------ Data for this task ------
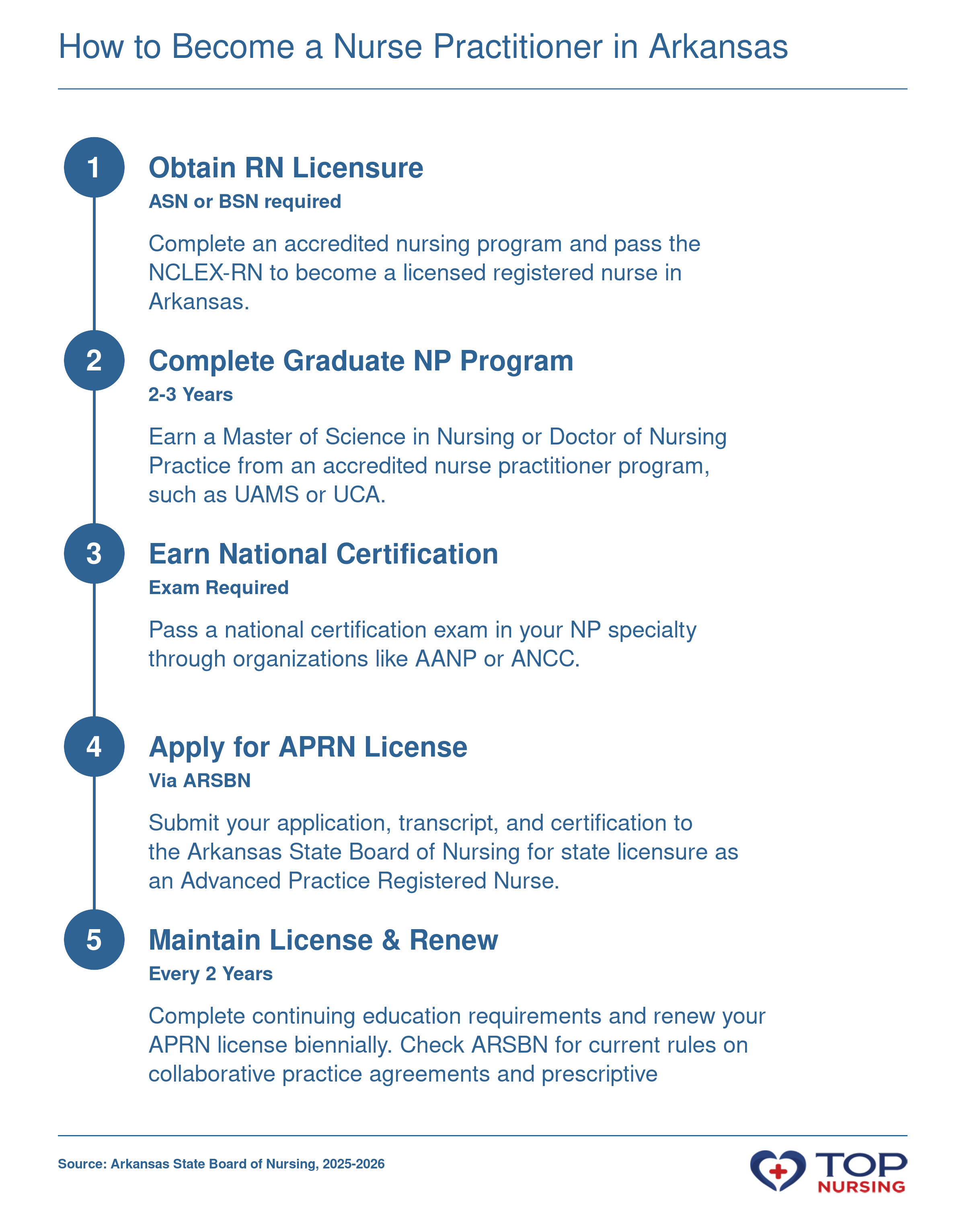 Steps to become a nurse practitioner in Arkansas: RN licensure, graduate program, national certification, APRN license application, and license renewal.
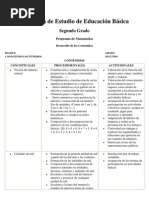 Download Contenidos-de-Matemtica-2-grado by yulimar21 SN62856448 doc pdf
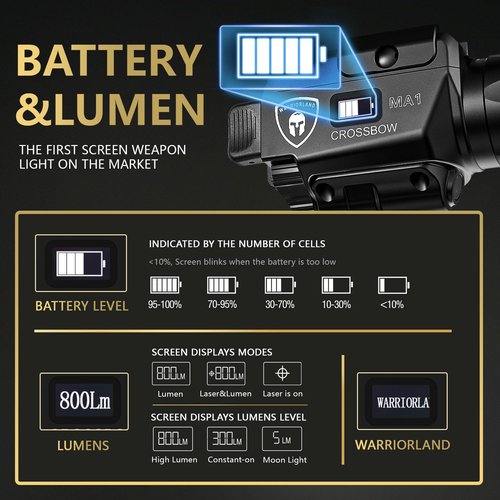 WARRIORLAND Universal Light Laser Combo with P320 Compact M18 Holster, Green Beam & LED Tactical Light, USB Rechargeable Flashlight-Screen Displays Battery Status, Crossbow MA1 w/ P320 M18 Holster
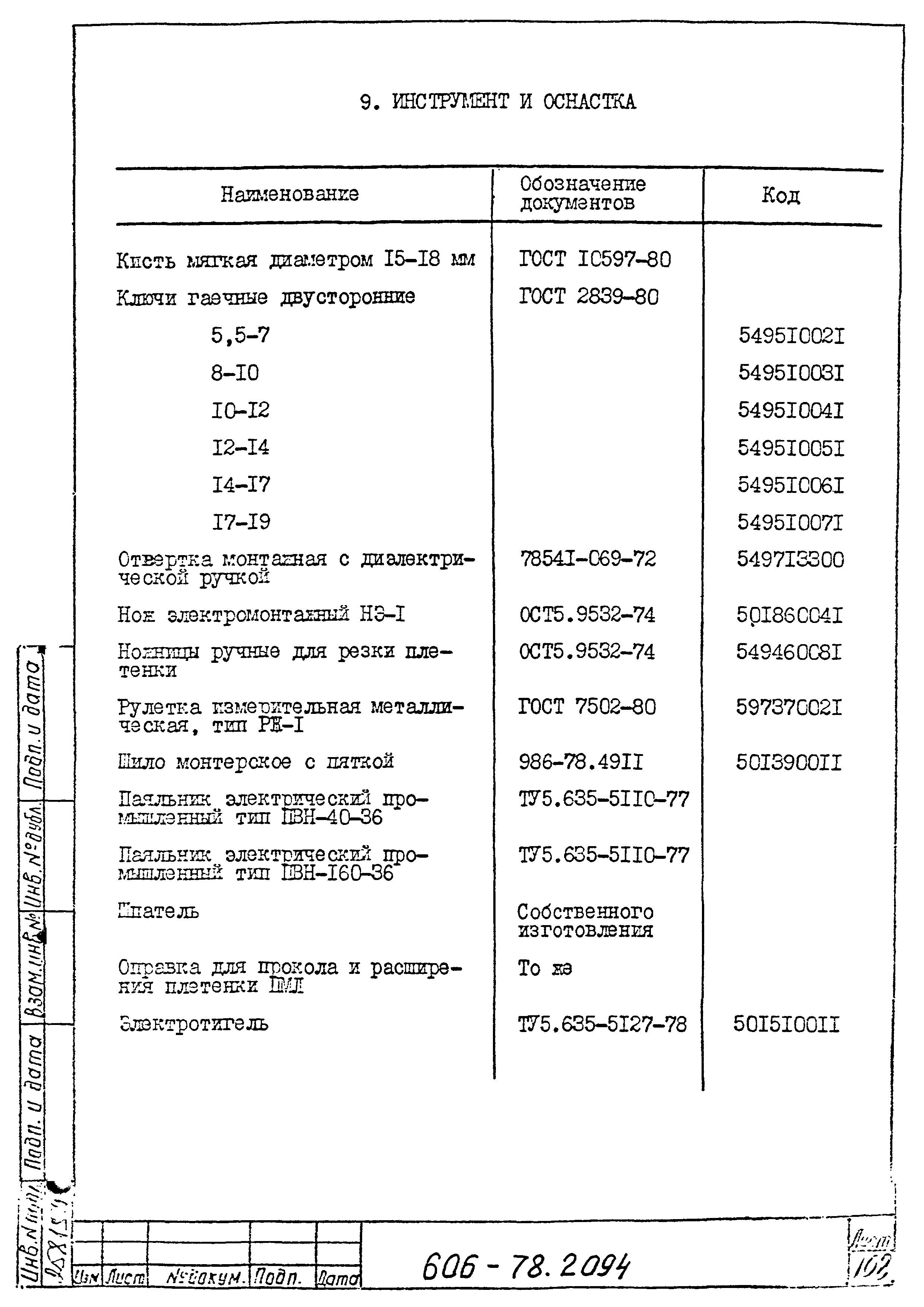 Типовая технологическая инструкция 606-78.2094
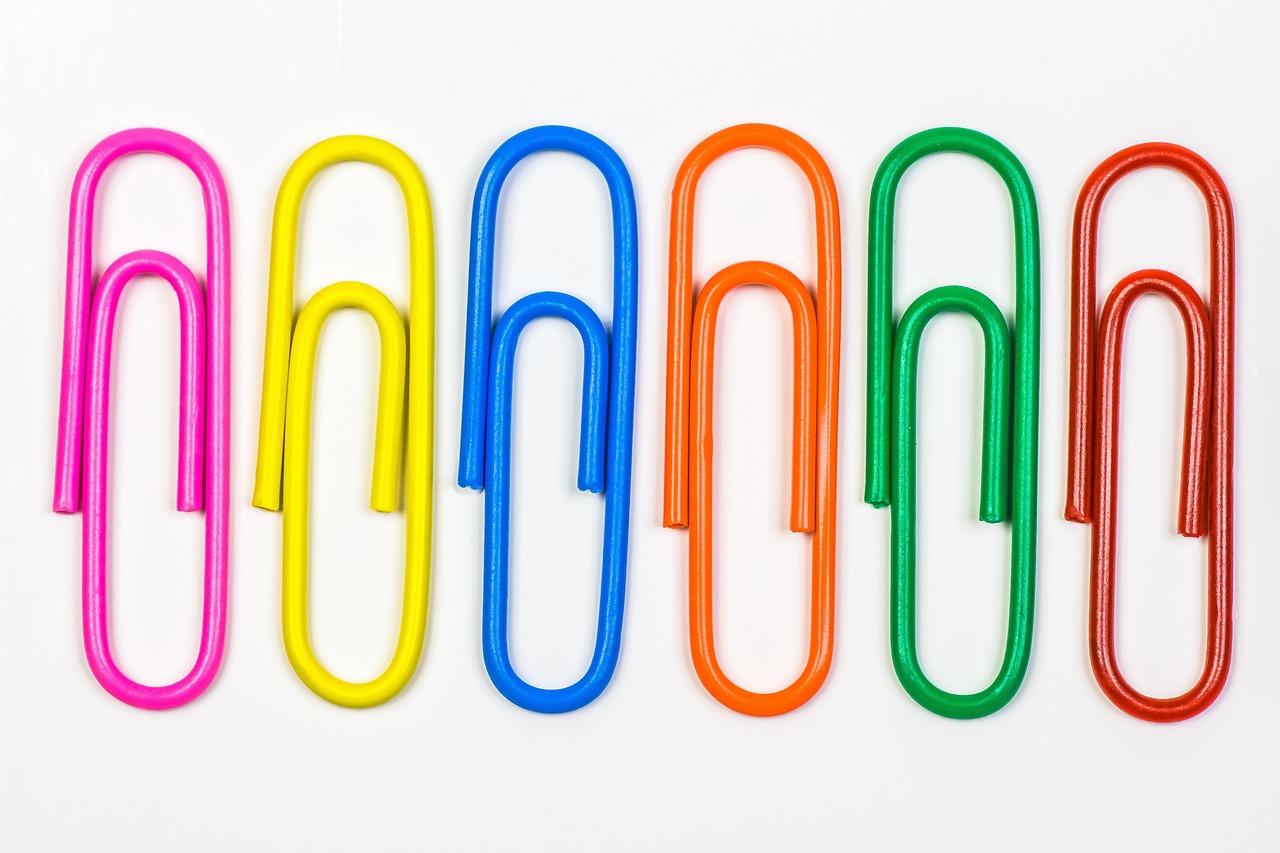 ¿Cómo saber si tienes que usar brackets?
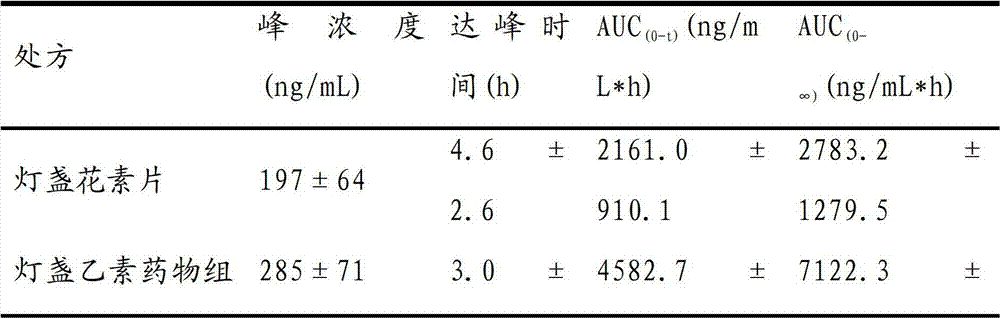 Medicinal composition for treating cardiovascular and cerebrovascular diseases and preparation method thereof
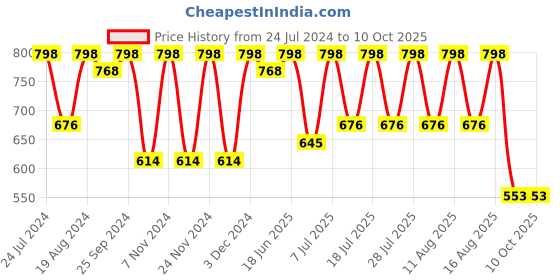 myntra.com KALINI Pure Chiffon Bagru Saree kalini Price History Graph from 24 Jul 2024 to 9 Oct 2025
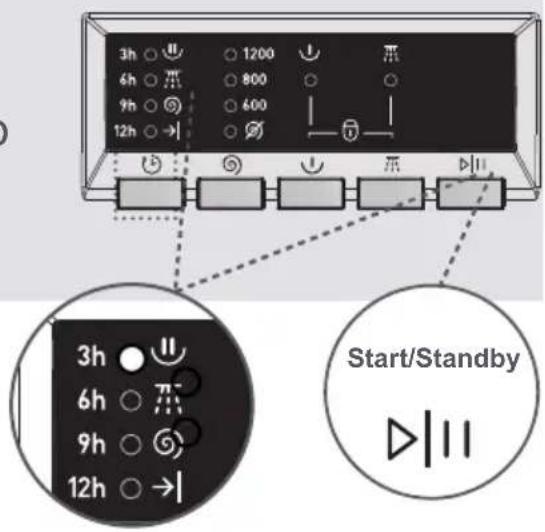 Korting WK6122 - Start/Standby-Taste - 1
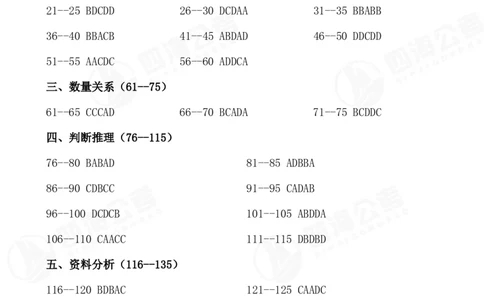 四海24下套题二期答案--行测12（副省）_2026考公资料_花生十三合集_套题班2025花生行测+飞扬申论套题⭐⭐_行测套题2025花生十三国考套卷班二期_答案+常识解析+复盘表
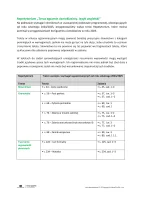 Egzamin 2025 - ANEKS do repetytorium z języka angielskiego „Teraz egzamin ósmoklasisty”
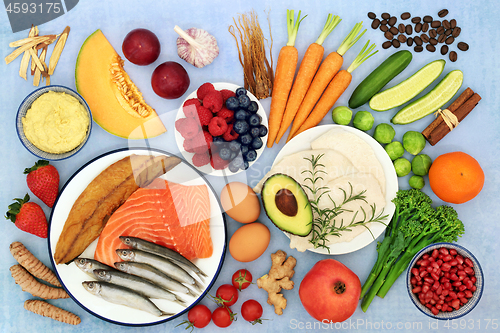 Image of Healthy Food for Asthma Sufferers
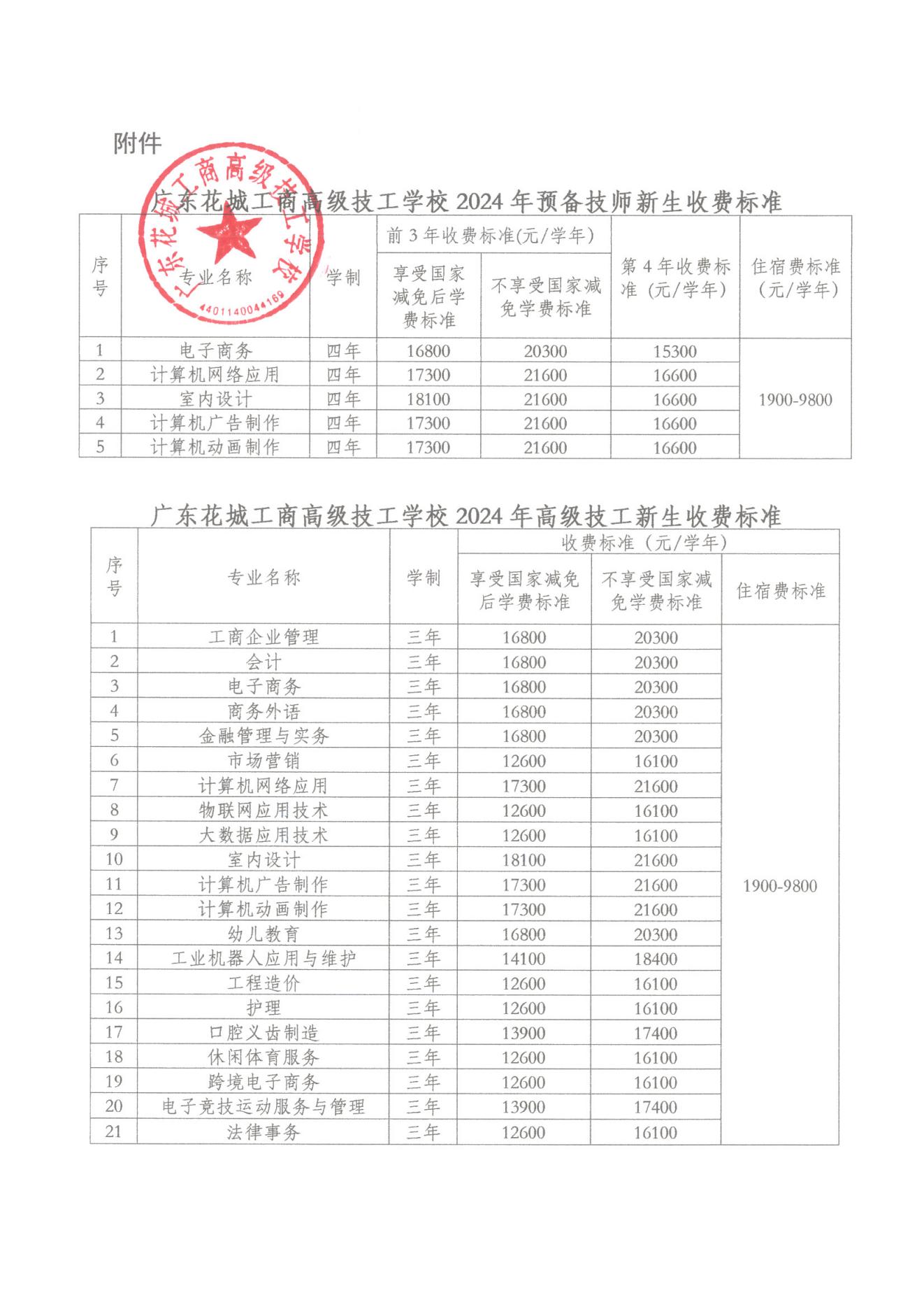 粤花城校发〔2024〕8号 2024年新生收费标准公示（20140512更新）(1)_01.jpg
------
- [Prompt] Give all the entries again exactly, dropping each picture.

- [Your solution]
 Steps to become a nurse practitioner in Arkansas: RN licensure, graduate program, national certification, APRN license application, and license renewal.
 Download Contenidos-de-Matemtica-2-grado by yulimar21 SN62856448 doc pdf
 WARRIORLAND Universal Light Laser Combo with P320 Compact M18 Holster, Green Beam & LED Tactical Light, USB Rechargeable Flashlight-Screen Displays Battery Status, Crossbow MA1 w/ P320 M18 Holster
 Типовая технологическая инструкция 606-78.2094
 ¿Cómo saber si tienes que usar brackets?
 Medicinal composition for treating cardiovascular and cerebrovascular diseases and preparation method thereof
 myntra.com KALINI Pure Chiffon Bagru Saree kalini Price History Graph from 24 Jul 2024 to 9 Oct 2025
 Korting WK6122 - Start/Standby-Taste - 1
 四海24下套题二期答案--行测12（副省）_2026考公资料_花生十三合集_套题班2025花生行测+飞扬申论套题⭐⭐_行测套题2025花生十三国考套卷班二期_答案+常识解析+复盘表
 Egzamin 2025 - ANEKS do repetytorium z języka angielskiego „Teraz egzamin ósmoklasisty”
 Image of Healthy Food for Asthma Sufferers
 粤花城校发〔2024〕8号 2024年新生收费标准公示（20140512更新）(1)_01.jpg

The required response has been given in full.